++++ SOURCE RECORDS
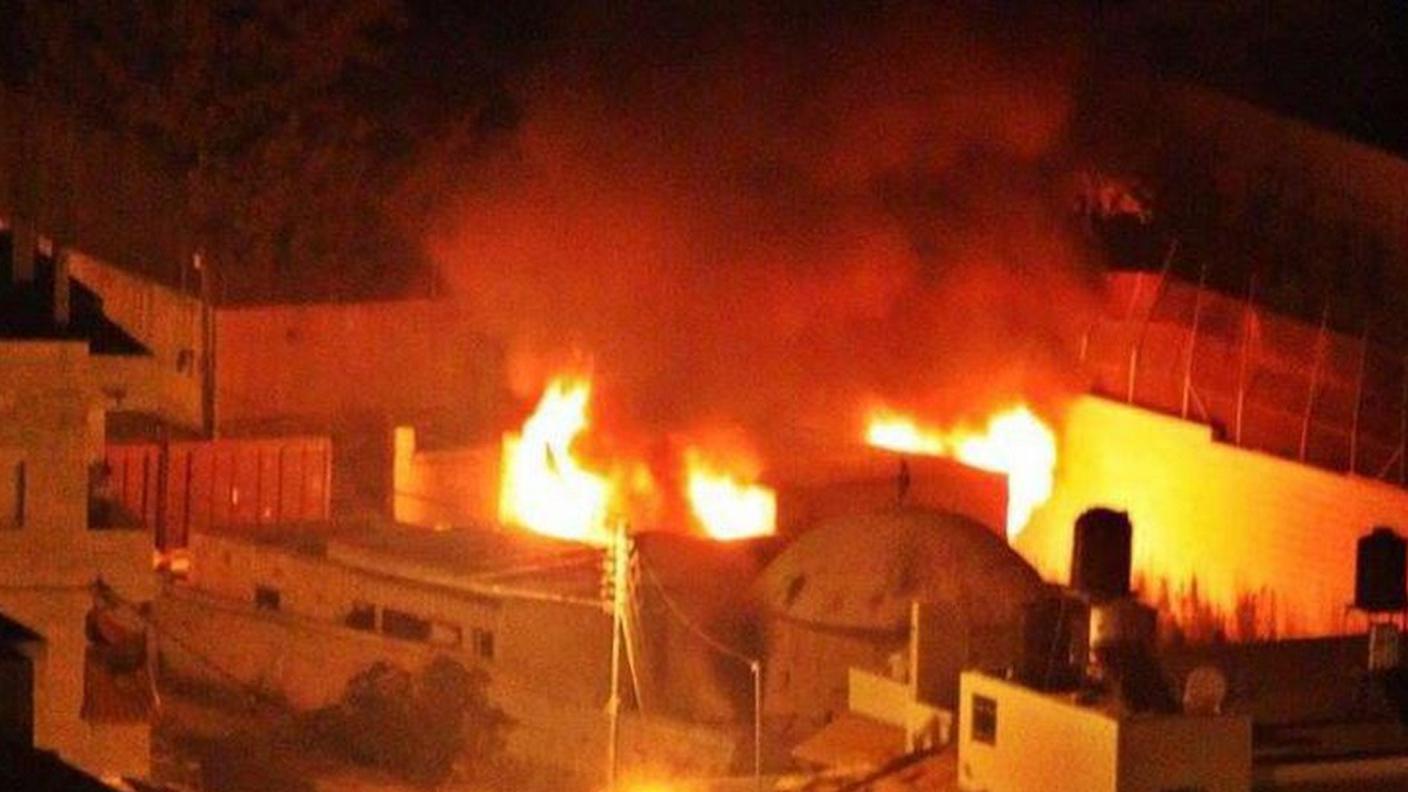 L'incendio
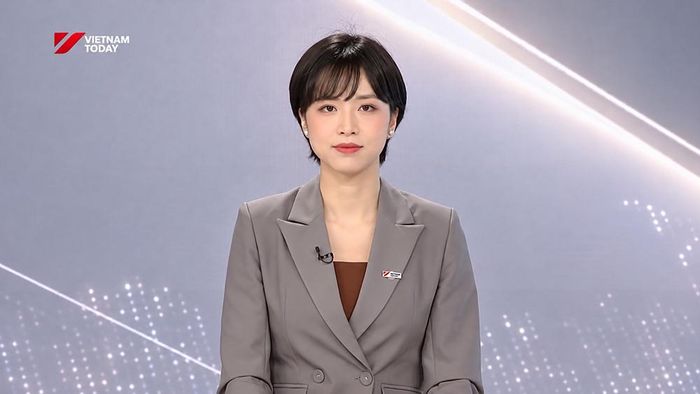 BTV Nhung Trần trên sóng Vietnam Today.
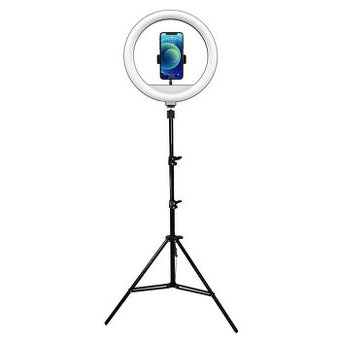 Powerton kruhové světlo 13", bílá LED, velké, nastavení tep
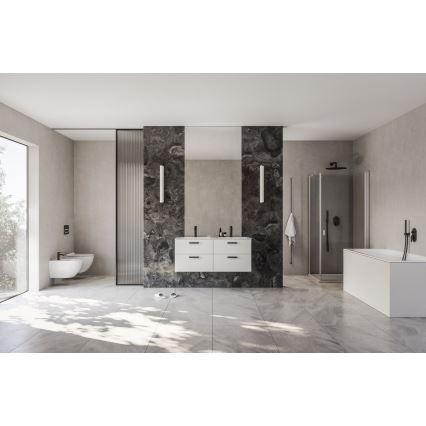 Ravak X070466 - Dušas jaucējkrāns slēptai uzstādīšanai CHROME melns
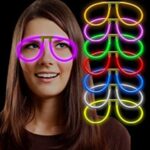 Karanlıkta Parlayan Fosforlu Glow Gözlük Fosforlu Renkli Gözlük 6 Adet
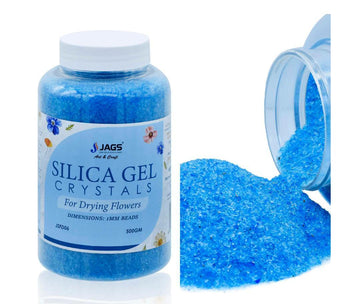Jags Silica Flower Drying Gel 500Gms 1mm 16X30 Blue JSFD06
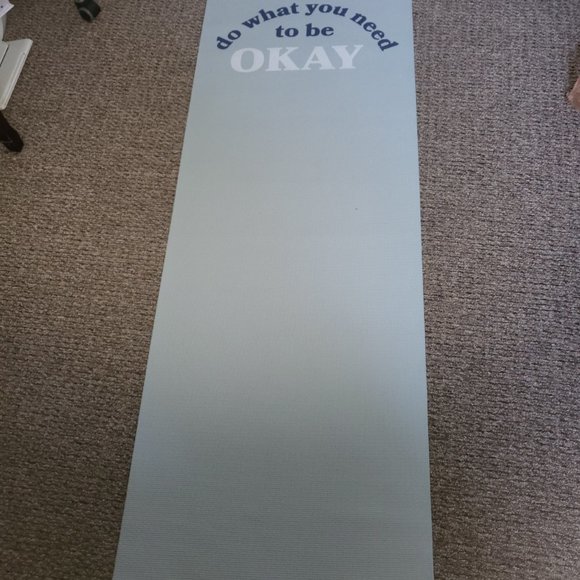 target do what you need to be okay yoga mat - Picture 2 of 3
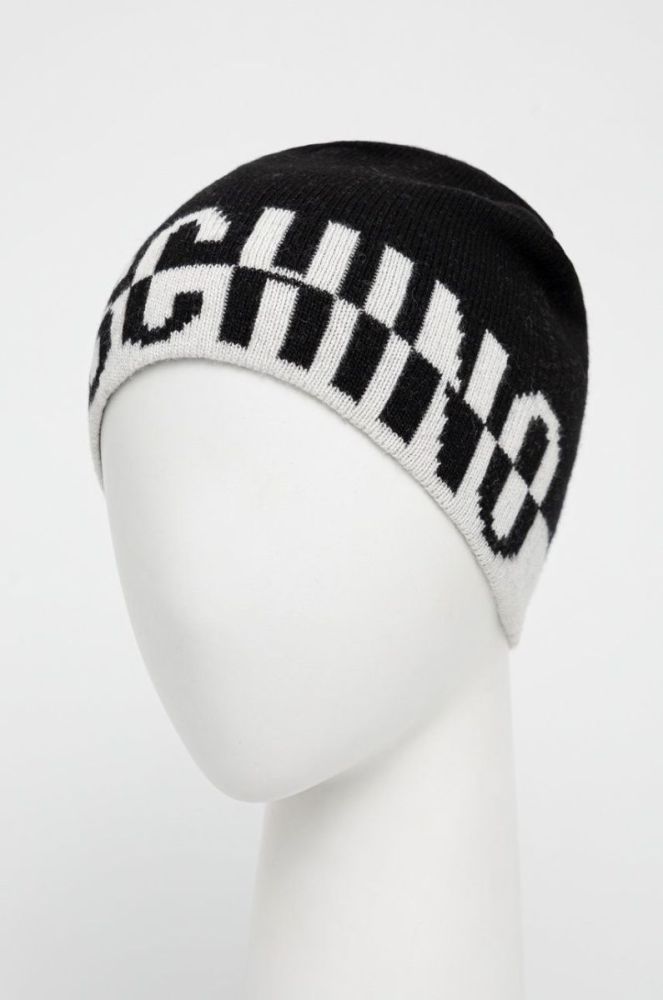 Шапка з домішкою вовни Moschino колір чорний (2567554) фото 2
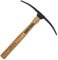 400g Brick Hammer Hickory Handle Double Ended Pick Stone Masons Masonry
++++++++
PROMPT: From the first line to the last, repeat the listing exactly and skip its images.

PROBLEM SOLUTION:
 L'incendio
 BTV Nhung Trần trên sóng Vietnam Today.
 Powerton kruhové světlo 13", bílá LED, velké, nastavení tep
 Ravak X070466 - Dušas jaucējkrāns slēptai uzstādīšanai CHROME melns
 Karanlıkta Parlayan Fosforlu Glow Gözlük Fosforlu Renkli Gözlük 6 Adet
Jags Silica Flower Drying Gel 500Gms 1mm 16X30 Blue JSFD06
 target do what you need to be okay yoga mat - Picture 2 of 3
 Шапка з домішкою вовни Moschino колір чорний (2567554) фото 2
 400g Brick Hammer Hickory Handle Double Ended Pick Stone Masons Masonry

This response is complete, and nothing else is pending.